– Если я пойду к аналитику! Таково твое условие?

– Не ради меня – ради себя. Чтобы ты прекратила заниматься такими вещами.

– А я что – занималась такими вещами раньше? Занималась? Даже когда ты вел себя со мной хуже некуда, помнишь, в Париже, ты и смотреть на меня не хотел? А в те годы в Германии, когда я была так несчастна, мне требовался человек рядом, я ощущала себя такой одинокой, а ты и твои постоянные депрессии сводили меня с ума, – у меня никогда никого не было. Никогда. Ты явно меня спровоцировал. Говорил, что не уверен, хочешь ли, чтобы я была твоей женой. Ты тогда говорил, что не уверен, хочешь ли жениться на писательнице, что мои проблемы тебя не интересуют. Ты никогда не говорил, что любишь меня. А когда я плакала и чувствовала себя несчастной, потому что мне не требовалось ничего, кроме близости и любви, – посылал меня к аналитику. Ты использовал аналитика как замену для всего. Всякий раз, когда тебе грозила малейшая близость со мной, ты посылал меня к чертовым аналитикам.

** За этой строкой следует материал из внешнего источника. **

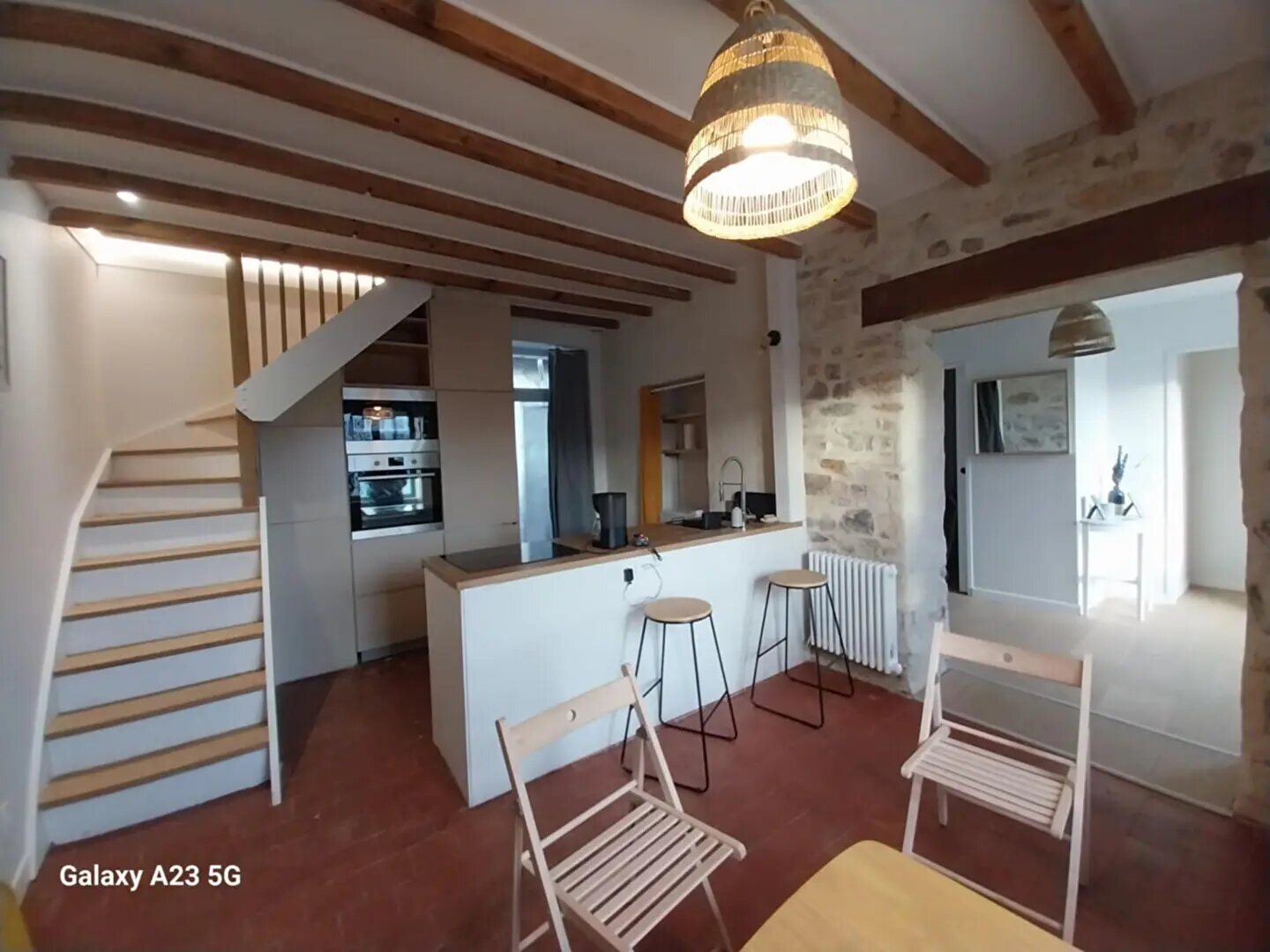 Maison à louer, 51m², Nort-sur-Erdre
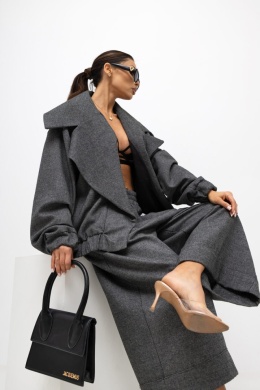 Marynarka Nights Like These grafit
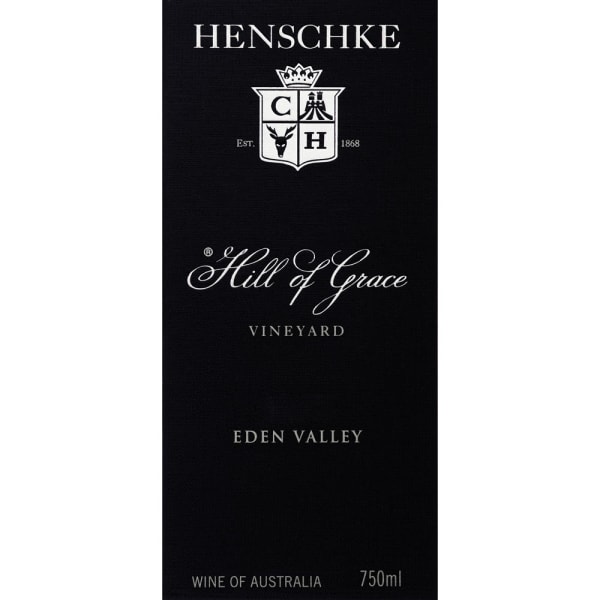 Rượu vang đỏ Henschke Hill of Grace Shiraz 2008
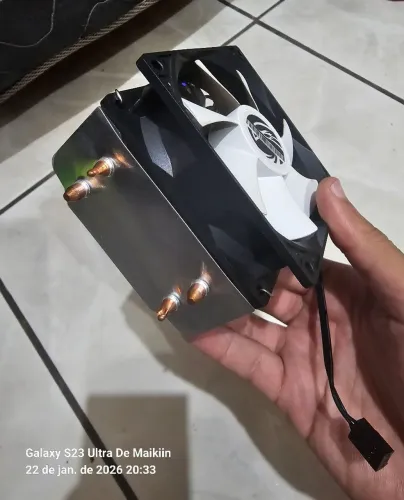 cpu cooler vx pro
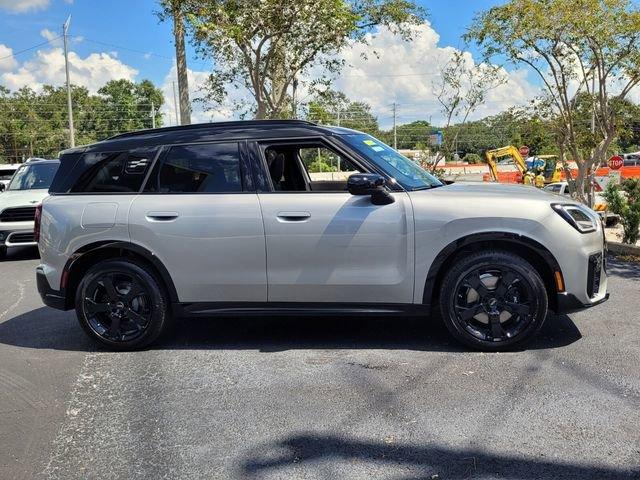 new 2026 MINI Countryman car, priced at $45,345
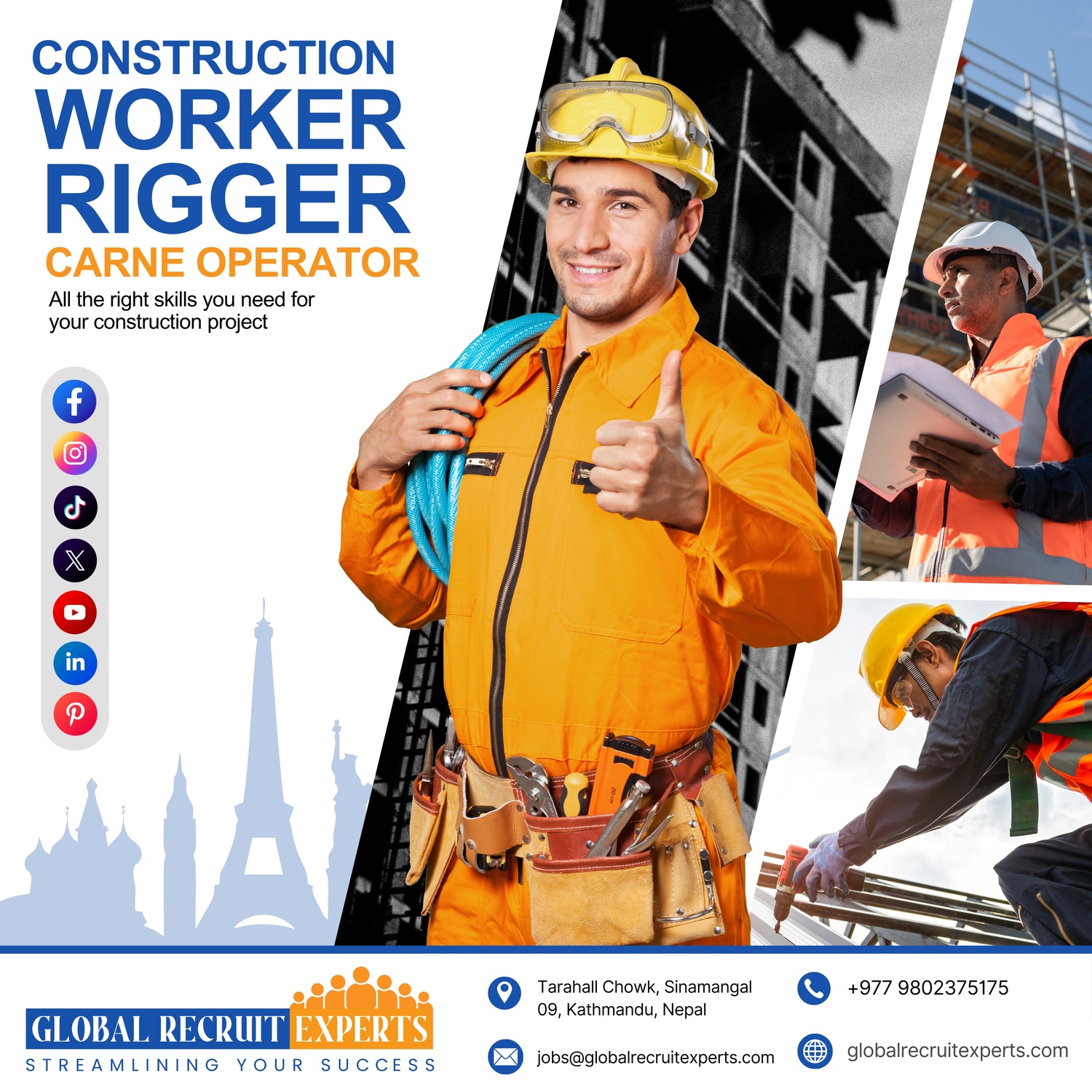 Global Recruit Experts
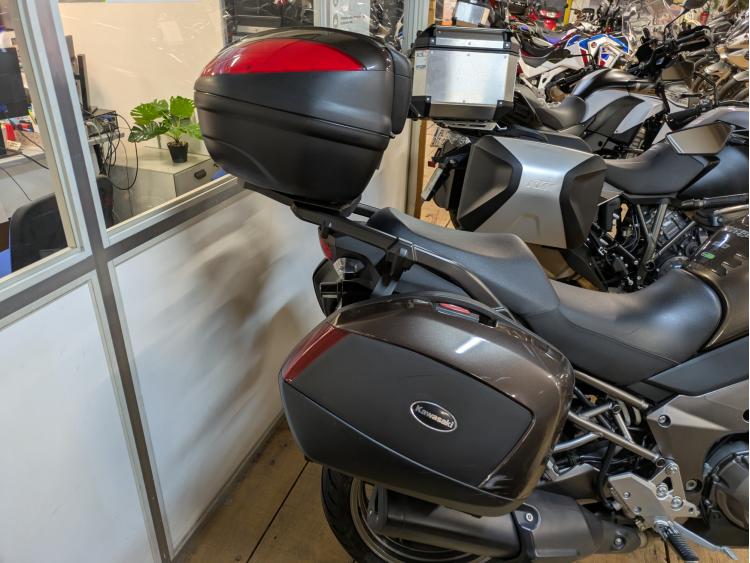KAWASAKI VERSYS 1000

– А где бы ты теперь была, черт возьми, без аналитика? Ты бы бесконечно продолжала переписывать одно и то же стихотворение. Так никогда и не смогла бы послать куда-нибудь свою работу, продолжая всего бояться. Когда мы с тобой познакомились, ты была как сумасшедшая, ни над чем не могла работать больше десяти минут, у тебя имелся миллион планов, ни один из которых не воплощался. Я дал тебе место для работы, я тебя подбадривал, когда ты ненавидела себя, верил в тебя, когда ты в себя не верила, платил твоему треклятому аналитику, чтобы ты могла расти и развиваться как человеческое существо, а не метаться, как все остальные члены вашей сумасшедшей семейки. Так что давай обвиняй меня в своих проблемах. Я единственный, кто тебя поддерживал и приободрял, и вот чем ты мне отплатила – носишься за каким-то сраным англичанином, а мне плачешься, что не знаешь, чего хочешь. Иди ты к черту! Беги за ним, куда хочешь. А я возвращаюсь в Нью-Йорк.

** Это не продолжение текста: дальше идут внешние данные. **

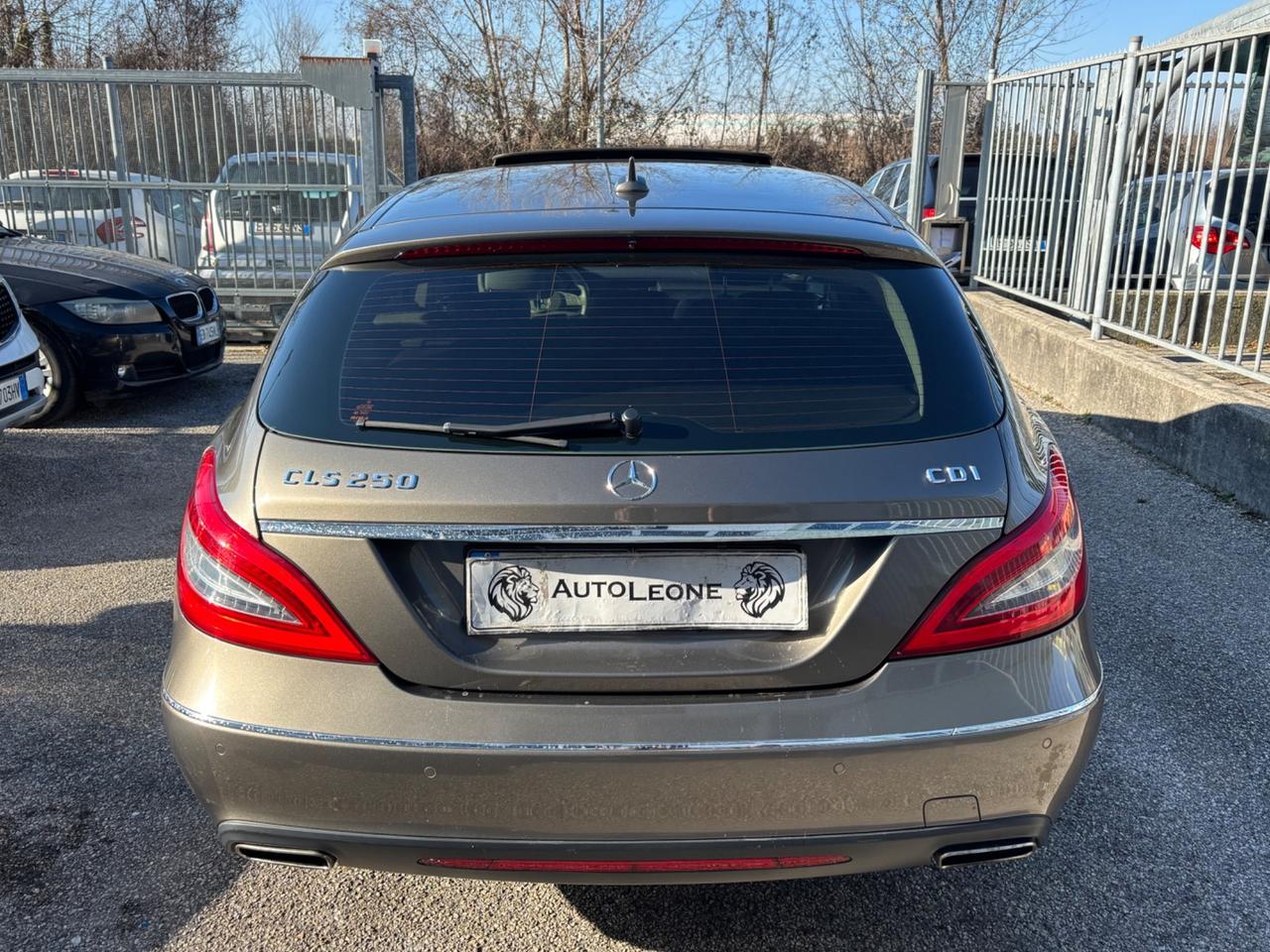 Mercedes-benz CLS 250 CDI SW BlueEFFICIENCY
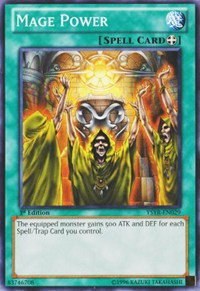 Mage Power - Unlimited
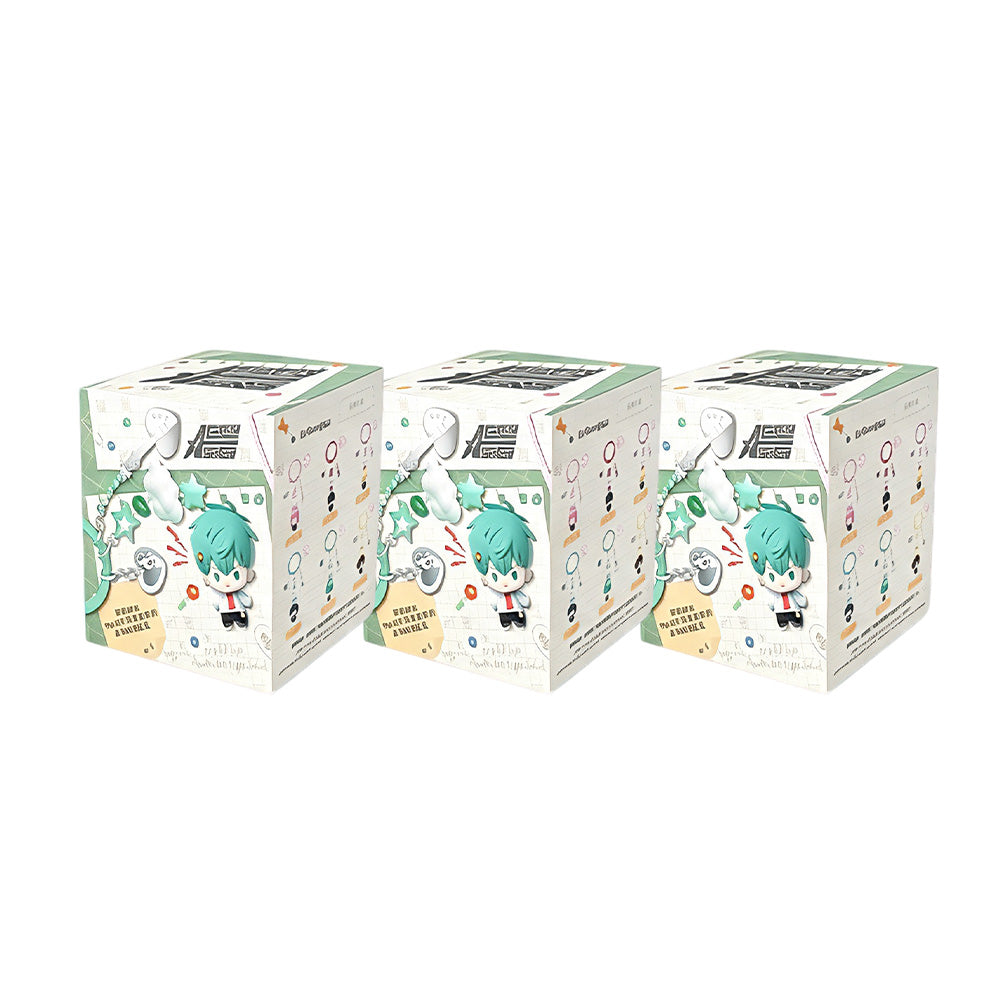 Alien Stage AAHS Series Rice Grain Chain Blind Box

– Но я хочу тебя, – сквозь слезы сказала я.

Мне нужно было его захотеть. Я жаждала этого сильнее всего остального. Я вспоминала времена, когда мы были вместе, трудные времена, по которым мы прошли вместе, и могли утешать и поддерживать друг друга, вспоминала, как он стоял у меня за спиной и успокаивал, когда по моему виду можно было подумать, что я вот-вот готова броситься вниз с какой-нибудь скалы. Вспомнила, как вместе с ним выстояла в армии. Прожитые годы. Вспоминала, что мы знаем друг о друге, как притирались друг к другу, об упрямой решимости, удерживающей нас вместе, когда все остальное уже не действовало. Даже то отчаяние, что мы разделяли, представлялось мне более прочными узами, чем все то, что связывало меня с Адрианом. Адриан был мечтой. Беннет – реальностью. Он угрюм? Что ж, реальность тоже угрюма. Если я потеряю его, то и имя свое не смогу вспомнить.

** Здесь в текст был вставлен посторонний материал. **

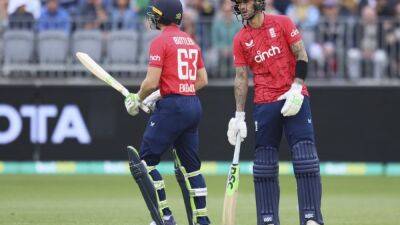 Jos Buttler Leads From Front As England Target T20 World Cup Glory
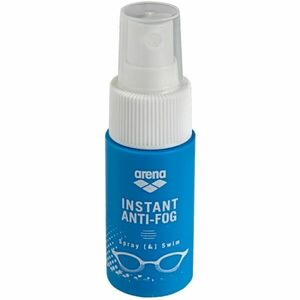 Arena ANTIFOG SPRAY AND SWIM Páramentesítő spray, átlátszó, méret kép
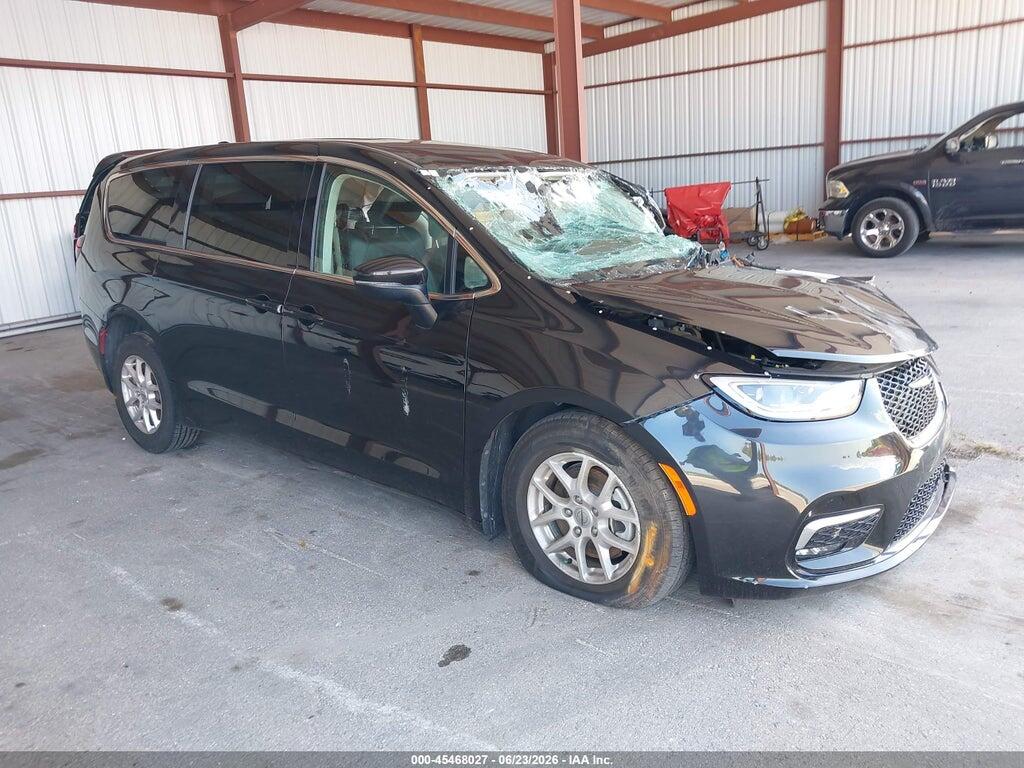 2C4RC1BG7PR574089 2023 CHRYSLER PACIFICA photo no. 1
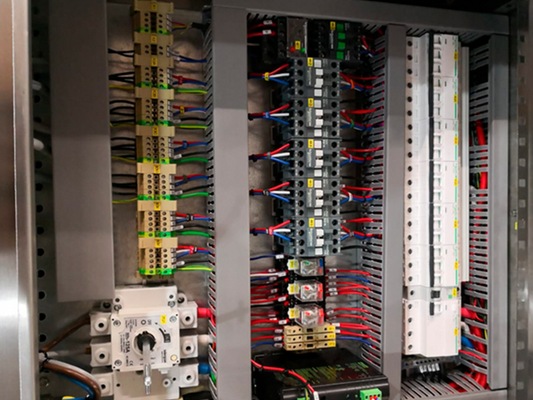 Freddy Hirsch Automated Control Murrelelektronik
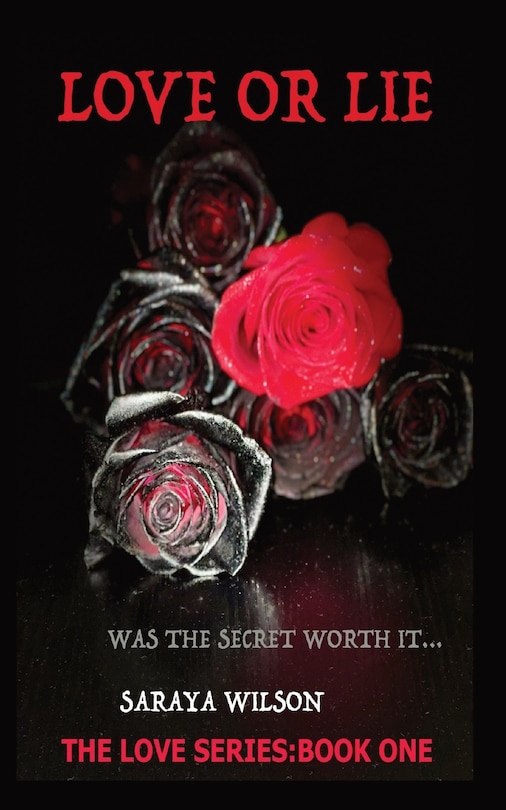 Front cover_Love or Lie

Мы обнялись и, плача, стали заниматься любовью.

– Я хотел сделать тебе ребеночка, – сказал он, вонзаясь в меня все глубже и глубже.

На следующее утро я была с Адрианом – лежала на одеяле в Венском лесу, солнце пробивалось сквозь кроны деревьев.

– Тебе и в самом деле нравится Беннет или ты просто перечисляешь его добродетели? – спросил Адриан.

Я сорвала длинную зеленую травинку и жевала ее.

– Зачем такие издевательские вопросы?

– Вовсе не издевательские. Я тебя вижу насквозь.

– Отлично, – сказала я.

– Правда-правда. Неужели ты считаешь, что радость в жизни ничего не значит? Или полагаешь, что главное – вся эта сумасшедшая дребедень «мой психоанализ – его психоанализ», «любишь меня – люби мою болячку». Вы с Беннетом, похоже, ужасно любите поплакаться. И постоянно извиняетесь. Тебя куда ни ткни – одни долги, обязанности и разговоры о том, что он для тебя сделал. А что уж это за заслуга такая? Ты разве монстр какой-нибудь?

– Иногда мне так кажется.

– Да скажи мне, бога ради, почему? Ты не уродина, не глупая, у тебя отличная вагина, красивый живот, куча светлых волос и самая большая задница между Веной и Нью-Йорком – чистое сало… – Он для вящей убедительности шлепнул меня по заднице. – Из-за чего ты все время беспокоишься?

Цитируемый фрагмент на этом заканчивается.